Monday, August 23, 2010

This is probably all a bad idea

I'm breaking up with Facebook, you guys.

First, there's the privacy stuff that I feel like every 8 and half minutes gets more and more nonexistent. Then there's the "friends" and "unfriending" nonsense. Like, if you "unfriend" someone, people get all upset, like it means something. It doesn't! It's Facebook, you guys. There are bigger problems, like that new Quiznos commercials with the cats wearing colonial costumes or whatever. And THEN, there are all these people on Facebook who, for whatever reason, HAVE to be my friend, and even though I don't care about them and they don't care about me, we keep being "friends." What does it mean? It means nothing to me, that's what. I mean, it's Facebook, you know? Not this political thing or whatever. Final straw, though was this: I get on Facebook this morning to see if anybody has commented on or "liked" my status, and has thereby validated my existence. What does Facebook do? Makes a gallant attempt, first thing this morning, to totally and completely ruin my day. And that, really, is the most evil part of Facebook. Its entire existence is to sabotage the rest of my life. Facebook does not want you to be happy, you guys! Think about it.

People post statuses. And unless you screen your friends to make sure their IQs are of adequate number and that they understand some basic, yet important, grammar and punctuation rules, at least some of your friends post statuses that are, let's say, not so smart? You know? They say "there" for "their" or something. Or they're just pretentious little jerks who you want to smack a baby every time they post something? So your options are: put up with it and cry yourself to sleep every day that yet another person doesn't close parentheses or doesn't put the period inside the quotation marks; or, "hide" that person, which is really just the cheap, passive aggressive way of "unfriending" someone without having the balls to actually pull the plug on them. And, like, seriously, you guys, man up. So, Facebook makes you hate humanity and encourages passive-aggressive behavior, and you guys shouldn't be passive aggressive.

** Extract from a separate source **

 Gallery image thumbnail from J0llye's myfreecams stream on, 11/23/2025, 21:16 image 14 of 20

Facebook also ruins lives by reminding you of things you hate. Like suggesting you be friends with that awful girl in high school who called you fat. It's all like, "Hey, do you know so-and-so?" And it's like, "Yeah, Facebook, I do, and you know what, I am not friends with her for a REASON. And now I am going to spend all day thinking about how she called me fat and hating myself. Thanks for nothing." Obviously, Facebook gives you PTSD, and, if you're like me, an eating disorder, because you will stop eating until you can't stand it anymore and then eat an entire gallon of cherry vanilla ice cream in one sitting as soon as you're alone.

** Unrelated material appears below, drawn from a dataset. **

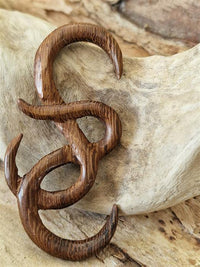 Load image into Gallery viewer, Parasit - Holz Ohr Piercing 4mm Schnörkel Dehnschnecke - chic - net.de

The third, and really important, way Facebook ruins everything ever is that it tricks you into wasting hours of time reading the statuses of people you don't care about and then stalking friends of friends, who used to be your actual friends in real life, but then some minor disagreement happens and now you no longer talk and you have to go back through every single one of that back-stabbing asshole's statuses, laughing and making vicious and ruthless fun of him until you have completely justified the fact that you no longer talk to that person over what was a conversation about sushi when you said, "Yellowtail is the best sashimi" and he was like, "No way, salmon is" and now OMG he's using the English-to-French translator to post his statuses so everyone thinks he speaks French WHAT A DOUCHE LOLOLOLOL!!!! And poof, there just went 3 hours. Facebook: the biggest time suck of our generation.

So, Facebook and I broke up. And now I have this thing. I'm not totally sure what to do with it. I do know that the 250 character limit on Facebook doesn't always work for me. Obviously, I am way more longwinded than Facebook seems to think. But I have high hopes for our new relationship. I think I'll probably write more, about really important things, probably, like law school, and clothes, and cute things Mulder does. Really important things. I might as well have called this a manifesto, really, with the genius things I'll be churning out. You guys better be ready.

But right now, I'm gonna eat an ice cream sandwich and try to forget about how that bitch Audrey told me my legs were fat.